The report, completed in December 2022, was mandated for public release by the National Defense Authorization Act. Yet, the administration only passed it to select Congressional committees and failed to make it publicly accessible as required. It wasn’t until March 2025 that the report quietly appeared on a Defense Department site under a section dedicated to “quality-of-life” issues—far from public view.

This revelation directly contradicts claims made by Biden administration officials in 2021, including then-Defense Department spokesman John Kirby, who stated there was “no knowledge” of any infections among the U.S. participants. The Trump administration had also denied early on that troops were tested or showed symptoms, citing the timing of the games before China’s outbreak announcement.

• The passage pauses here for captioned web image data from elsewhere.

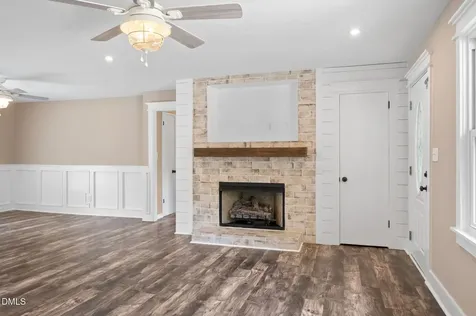1051 Honeycutt Road Willow Springs NC 27592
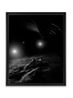 Albedo 70.67N by Julian Charriere contemporary artwork Photography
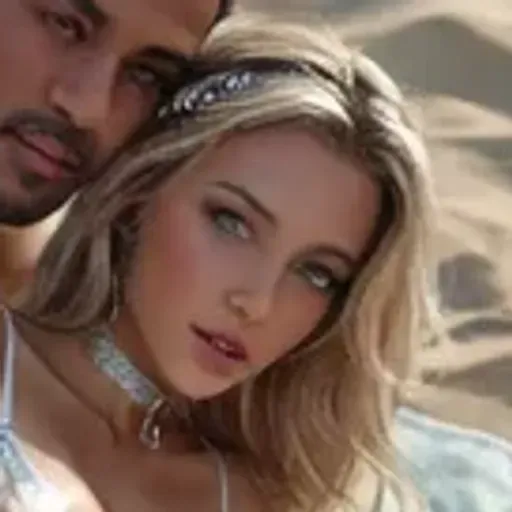 generatore di immagini porno IA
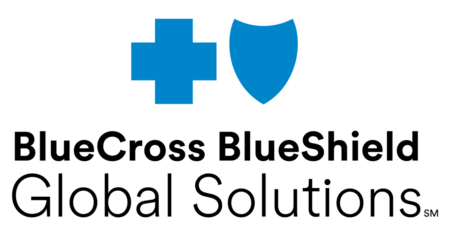 Blue Cross Blue Shield Logo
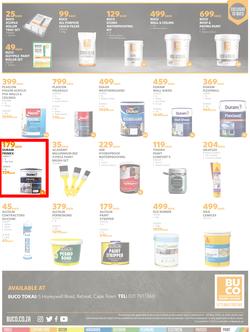 BUCO : Bolder And Better Buco Tokai (04 May - 28 May 2023), page 8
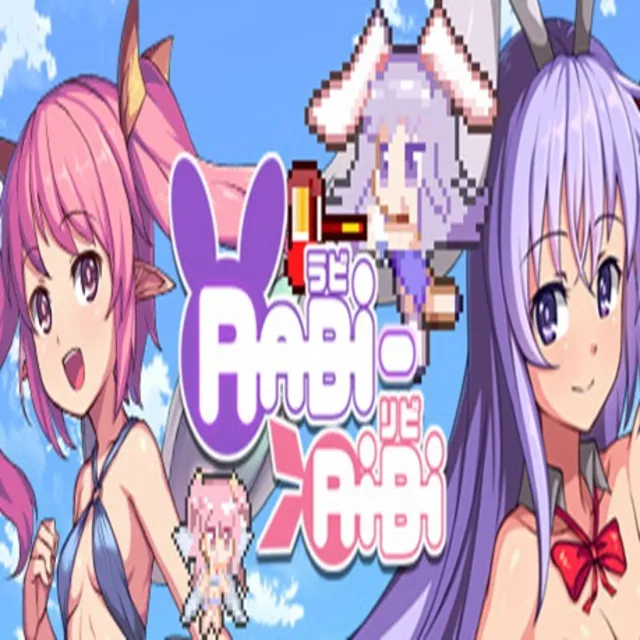 Rabi-Ribi (Steam ключ / РФ+Весь Мир)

Held just miles from the Wuhan Institute of Virology—where controversial, U.S.-funded gain-of-function research was conducted—the 2019 games have long drawn suspicion from national security and public health experts. Prominent biologist Dr. Richard Ebright told the Free Beacon the report confirms that COVID was already circulating and likely leaked from the Wuhan lab: “This new information strengthens U.S. and allied intelligence data.”

Adding more context, athletes from European countries such as France, Germany, and Italy also reported flu-like symptoms in Wuhan, describing the city at the time as unusually empty—a “ghost town.” All seven American service members recovered quickly, and the Pentagon has not revealed when it first became aware of the cases.

Sen. Joni Ernst (R-Iowa) called the report’s concealment an “outrage,” noting it directly undermines the long-promoted narrative that COVID began at a Wuhan wet market in December 2019. “Taxpayers deserve to know the truth,” she said. “This report should have been made public immediately.”

Congressional Republicans have consistently asserted that the Wuhan games were among the first super spreader events of the pandemic. In 2021, House Foreign Affairs Republicans issued findings supporting that theory. Meanwhile, multiple federal agencies—including the CIA, FBI, and Energy Department—now publicly believe COVID most likely originated from the Wuhan Institute of Virology.